→ TASK:
Copy out every line of the listing in which "Small" appears.

→ DATA SECTION:
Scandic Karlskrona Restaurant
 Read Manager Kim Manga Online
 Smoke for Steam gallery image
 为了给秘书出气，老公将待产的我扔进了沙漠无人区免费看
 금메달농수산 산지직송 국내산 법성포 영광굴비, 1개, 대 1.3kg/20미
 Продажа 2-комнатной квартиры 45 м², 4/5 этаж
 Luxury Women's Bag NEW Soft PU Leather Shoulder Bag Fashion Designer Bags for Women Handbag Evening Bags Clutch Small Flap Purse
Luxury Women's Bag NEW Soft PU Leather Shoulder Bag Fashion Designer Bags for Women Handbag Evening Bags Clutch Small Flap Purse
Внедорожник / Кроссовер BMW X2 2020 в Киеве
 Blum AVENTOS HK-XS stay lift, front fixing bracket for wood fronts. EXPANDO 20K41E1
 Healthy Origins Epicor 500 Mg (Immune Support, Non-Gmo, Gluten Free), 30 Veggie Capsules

→ WRITTEN ANSWER:
 Luxury Women's Bag NEW Soft PU Leather Shoulder Bag Fashion Designer Bags for Women Handbag Evening Bags Clutch Small Flap Purse
Luxury Women's Bag NEW Soft PU Leather Shoulder Bag Fashion Designer Bags for Women Handbag Evening Bags Clutch Small Flap Purse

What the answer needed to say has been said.